Deshalb will Biesenbach mit seinem Parteikollegen, Landesinnenminister Herbert Reul, über ein großes Cum-Ex-Personalpaket beim LKA verhandeln. Schließlich sollen Milliarden für die Staatskasse zurückgeholt werden. Allerdings setzt Reul derzeit andere Prioritäten: Der Law-and-Order-Hardliner hat den Kampf gegen Kindesmissbrauch und die erklärt und entsprechende Kontingente aus der Kriminalpolizei für diese Aufgaben abgezogen.

Ressourcen, die angesichts der ohnehin knappen Personaldecke bei der Kripo in Bereichen wie Cum-Ex fehlen könnten. Daher fiel die Antwort aus dem Hause Reul äußerst zurückhaltend aus. Tenor: In erster Linie fallen Steuervergehen in „die originäre Zuständigkeit der Finanzbehörden.“ Sprich der Steuerfahndung. Noch kämpfen die Parteifreunde Biesenbach und Reul für sich alleine.

Anderer Skandal, ähnlich nebulös:

Auch im zweiten großen Finanzskandal, der die Gemüter aktuell bewegt, kommen täglich neue Einzelheiten ans Licht: Beschäftigte der Finanzaufsichtsbehörde Bafin haben in den Monaten vor dem Wirecard-Skandal verstärkt mit Aktien des Münchner Finanzdienstleisters gehandelt. Im ersten Halbjahr 2020 seien 2,54 Prozent aller gemeldeten privaten Finanzgeschäfte von Bafin-Mitarbeitern auf Geschäfte mit Wirecard-Papieren zurückgegangen, sagte ein Sprecher des Bundesfinanzministeriums am Freitag in Berlin. Im Jahr 2019 wären dagegen 1,7 Prozent aller privaten Finanzgeschäfte von Bafin-Beschäftigten auf Wirecard entfallen.

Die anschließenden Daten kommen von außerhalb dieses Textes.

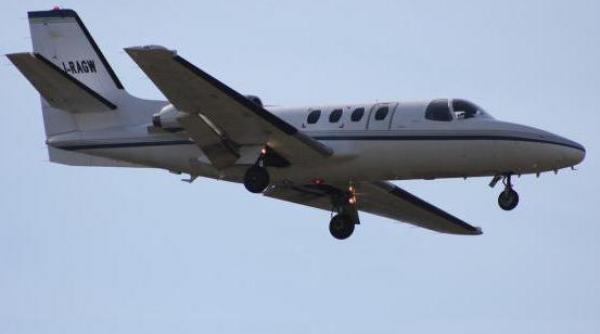 aterizare de urgenta pe aeroportul otopeni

So kommentierten FOCUS Online-Leser diesen Beitrag:

"Mit dem Abzug von dringend für die Ermittlungen im Falle des Cum-Ex-Skandal benötigte Kriminalbeamte, setzt Herr Reul fort, was sein Partei-Kollege Schäuble als Bundesfinanzminister über Jahre getan hatte, die Aufklärung der Cum-Ex-Geschäfte zu verzögern. Es ist atemberaubend, wie deutsche Politiker mit dem Steuerbetrug von mehreren Milliarden umgehen. Kleine Steuersünder werden unnachgiebig von den Finanzbehörden verfolgt."

"Wenn ich 30 Euro Bonus der Krankenkasse vergessen habe, wird das sofort automatisch in der Datenverarbeitung des Finanzamts aufgedeckt und korrigiert. Es geht also beim kleinen Mann! Wenn hier tragende Säulen unserer ehrenwerten Gesellschaft Milliarden abzocken wird von der Politik und den Finanzbehörden erst mal weg geschaut. Besonders wenn ein Finanzminister Scholz gut bekannt ist mit einem Hauptinitiator Christian Olearius, ehemaliger Chef des Bankhaus M.M. Warburg. Dann heuert man sich noch den stellvertretender Bundesvorsitzender der Mövenpicker-Partei (FDP) Herrn Kubicki als Anwalt an und der wird das sicher richten."